SUBJECTS: Victorian COVID cases rise; Morrison Government shifts responsibility to businesses on vaccine passports.

LAURA JAYES, HOST: We've got some breaking news about the Victorian case numbers today. Four hundred and forty-five new cases today, but sadly two more COVID related deaths. This as there's been an explosion of cases on construction sites, so the Government is considering making it compulsory for tradies to get vaccinated. Crown is also considering making its staff and patrons be vaccinated to even enter venues. Let's go to Shadow Minister Bill Shorten now, who joins us now from Melbourne. Thanks so much for your time. First of all, you know, business is looking like they're in an increasingly impossible position when we look at opening up because they're the ones having to police this, aren't they? And there's a bit of backlash.

BILL SHORTEN, MEMBER FOR MARIBYRNONG: Yeah, I think business and the workforce have been abandoned by the Morrison Government on this key area of public health policy. What people want is consistency. Most Australians, especially businesses and the workforce, will follow the rules if the rules are clear. But what's happening is small businesses have got to ring up and pay lawyers to get advice. Workers are unclear about what they're meant to do. The Morrison Government needs to stop leading from the rear and start leading from the front. Specifically, they've announced some sort of indemnity policy. How about they make it clear that any worker who has to get vaccinated, if in the rare and unusual case they don't feel well afterwards, the Government just indemnifies them?
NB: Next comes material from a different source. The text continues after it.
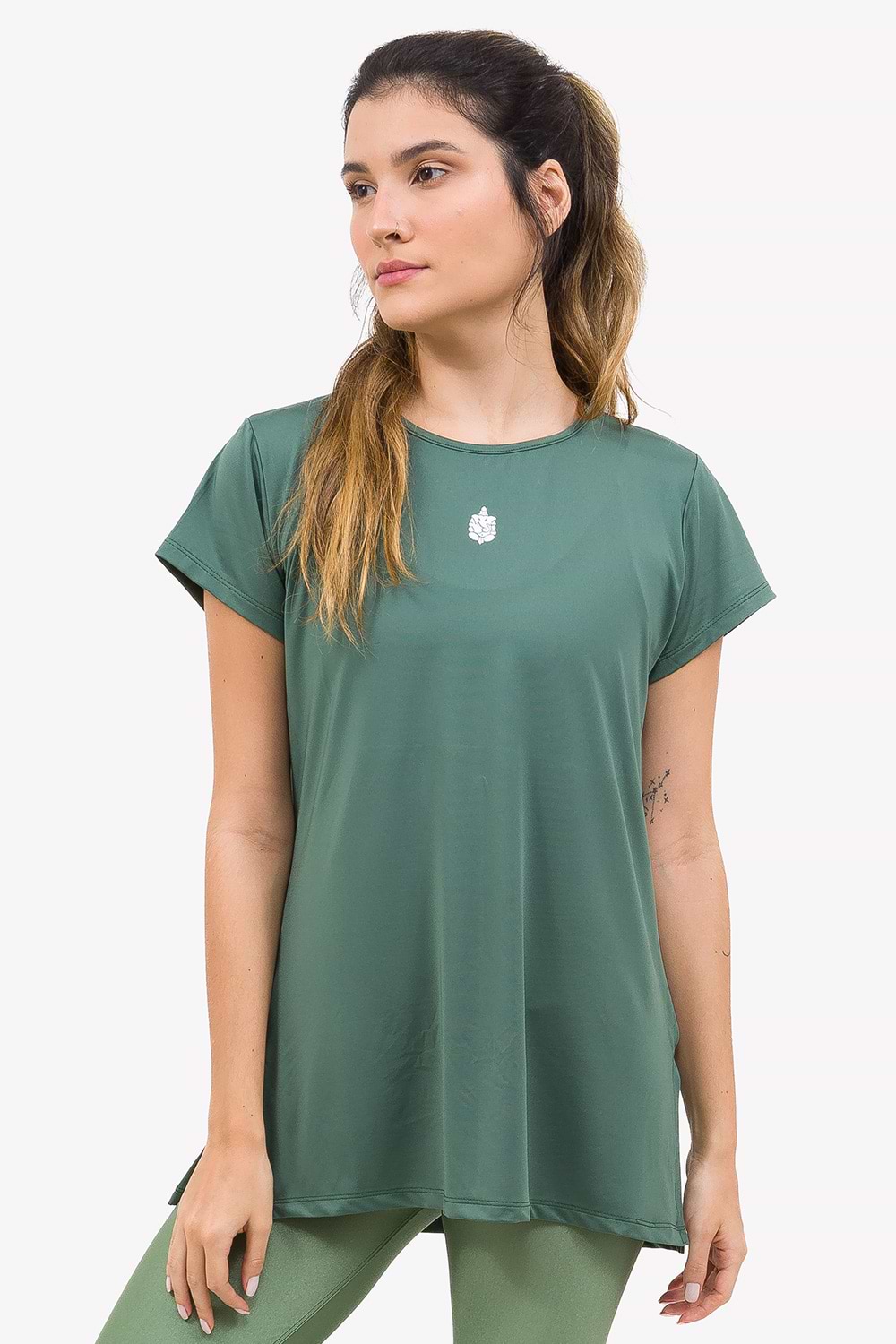 blusa-longa-yogateria-verde-ganesha-11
You know, common sense things like this and making a clear ruling about which industries have to be mandated vaccines when you're interacting with the public and which industries don't. The Morrison Government could save a lot of people a lot of angst, red tape, and a whole lot of rubbish, just by leading rather than being M.I.A.

JAYES: If there is a lot of angst out there, I've got to say from big businesses, from small businesses, from customer facing businesses, and we also see the reality of things. I mean, as I mentioned at the top of this, in Victoria there's been a lot of infections on construction sites, so the Government is considering making it compulsory for tradies. Is that a good idea?
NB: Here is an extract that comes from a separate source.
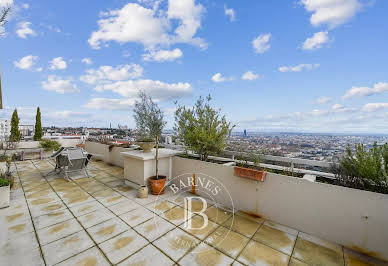 Apartment with terrace 2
SHORTEN: Well, I think if it’s part of a package of things, you're probably going to have to go down this path. I mean, I think we need to have rapid testing. I think in areas like construction or big workplaces, you have workplace vaccination so people can get it at work. I mean, let's remove all the obstacles. But also, I've just got to say that I think that where people are interacting with the public, the public want to have certainty that they're going to be safe and not infected. And we've seen that vaccination is the best path out of COVID lockdown. So, you know, I think it's got to be a bit of give and take from everyone.
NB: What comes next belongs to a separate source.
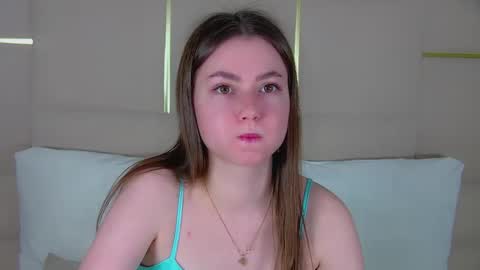 katiereeves online show from February 24, 5:05 am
JAYES: Yeah, we have a situation where Premiers essentially are pulling the strings here. Gladys Berejiklian, for example Bill Shorten, is saying, Well, even when we get to 80 percent vaccinated in New South Wales, if you're unvaccinated, don't assume that you're going to get the same rights and all the vaccinated people can just do the heavy lifting. And in our day to day lives, if we're going to the cinema or restaurants, you know, it's really up to business to police that at the moment, isn't it?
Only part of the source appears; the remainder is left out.